■ Source data
★ ★ ★ ★ ★
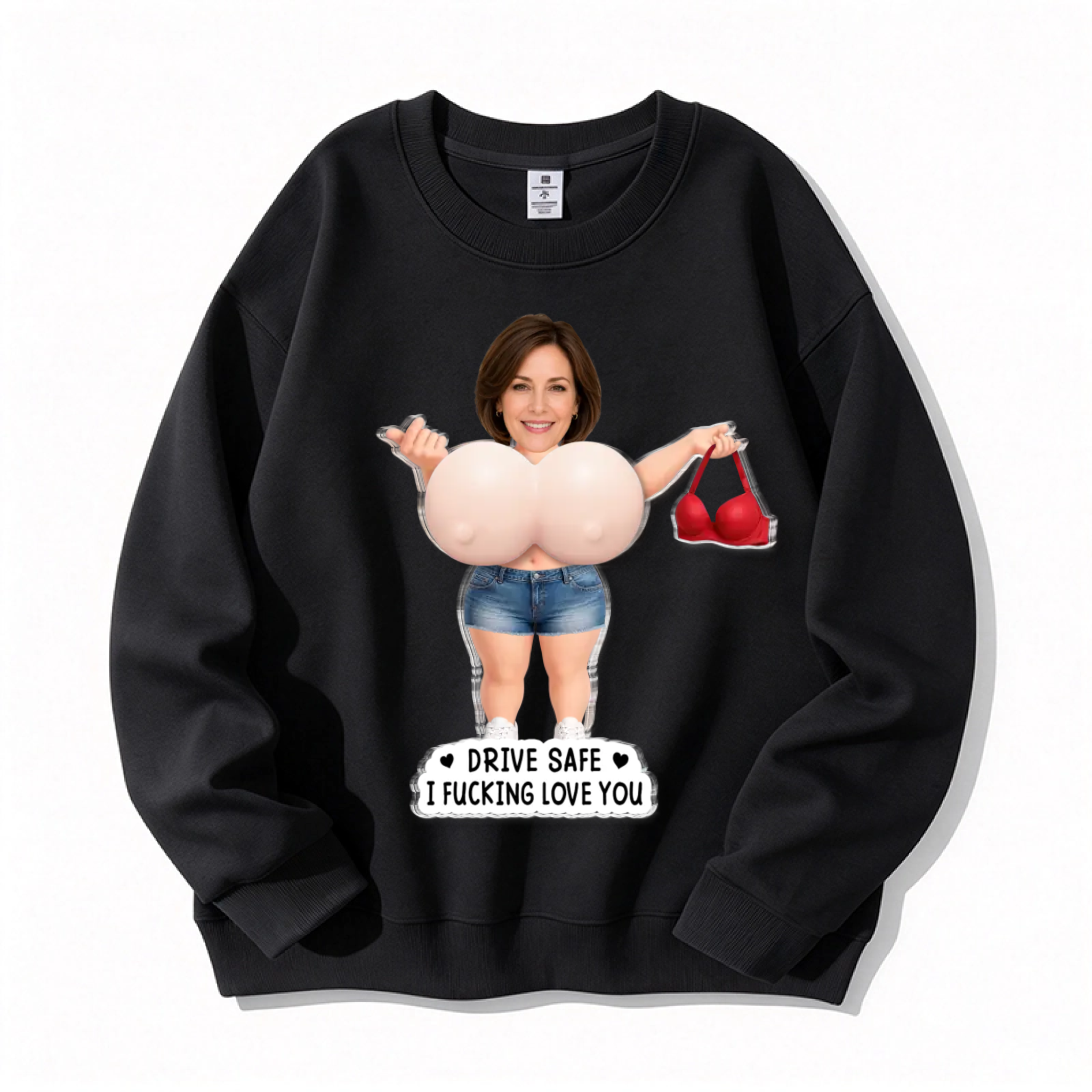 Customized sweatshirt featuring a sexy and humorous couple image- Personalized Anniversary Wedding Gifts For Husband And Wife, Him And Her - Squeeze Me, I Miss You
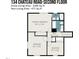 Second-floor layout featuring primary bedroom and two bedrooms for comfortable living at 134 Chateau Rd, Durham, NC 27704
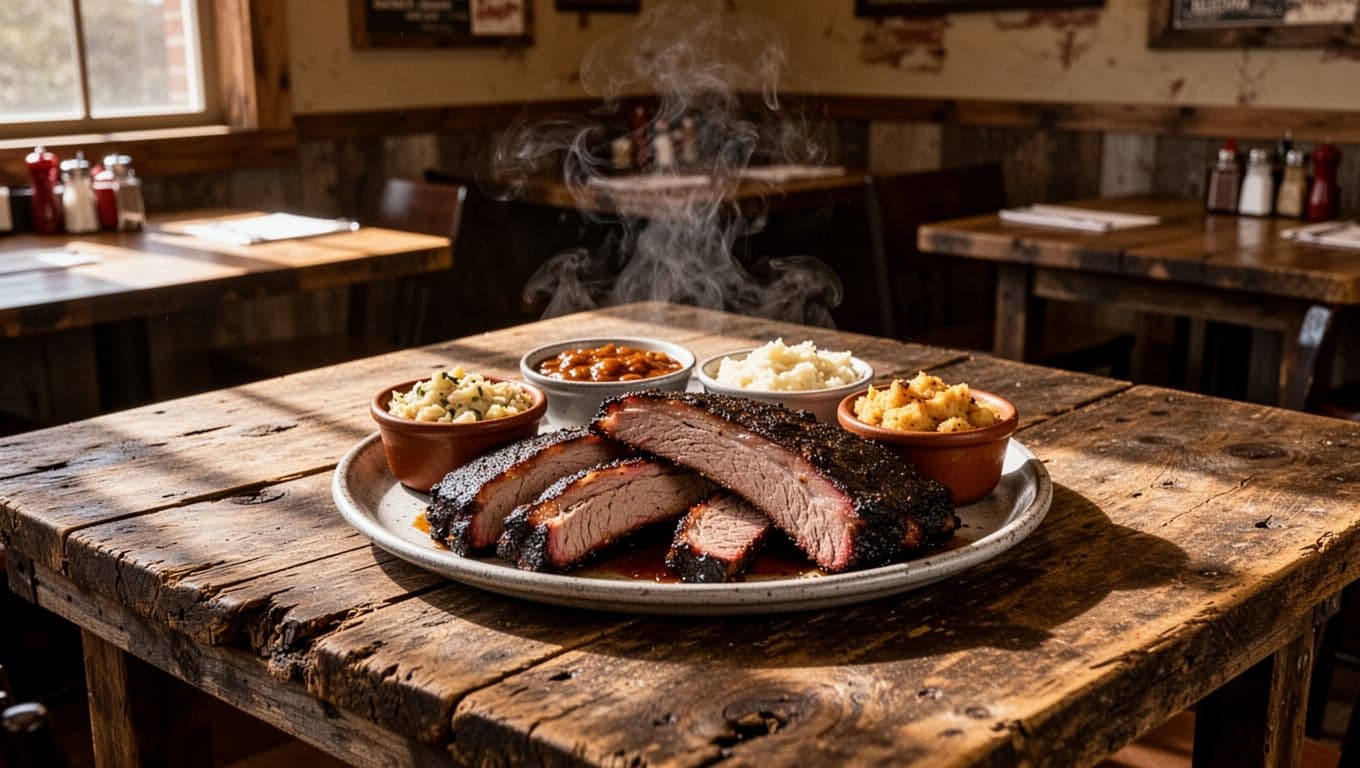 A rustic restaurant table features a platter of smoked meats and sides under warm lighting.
★ ★ ★ ★ ★
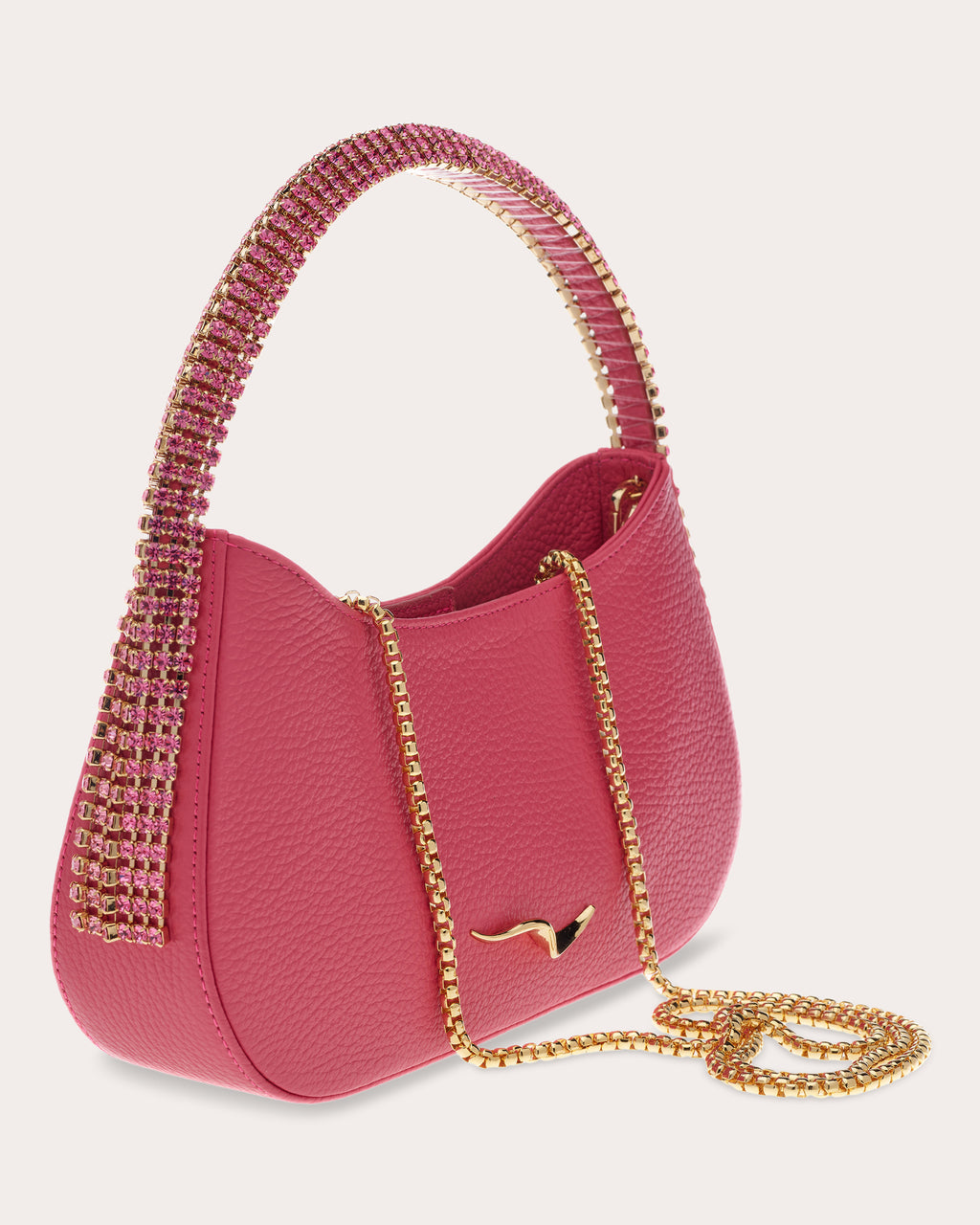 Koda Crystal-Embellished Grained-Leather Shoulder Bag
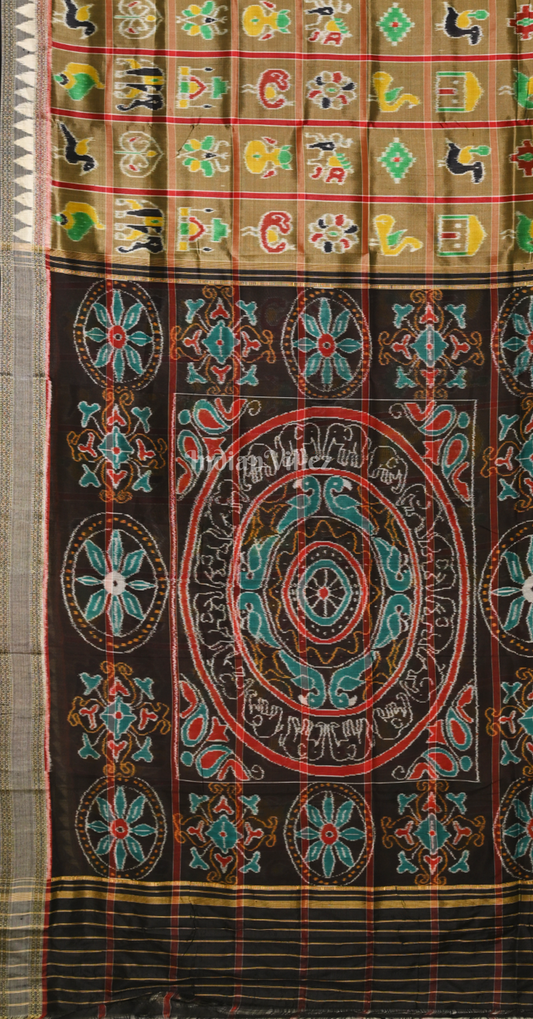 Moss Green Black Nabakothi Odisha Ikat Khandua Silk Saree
★ ★ ★ ★ ★
■ Exercise description
All lines above starting at the one with "Second-floor layout featuring" and ending at the one with "A rustic restaurant", inclusive, are to be printed again exactly, with the pictures left out.

■ Task result
 Second-floor layout featuring primary bedroom and two bedrooms for comfortable living at 134 Chateau Rd, Durham, NC 27704
 A rustic restaurant table features a platter of smoked meats and sides under warm lighting.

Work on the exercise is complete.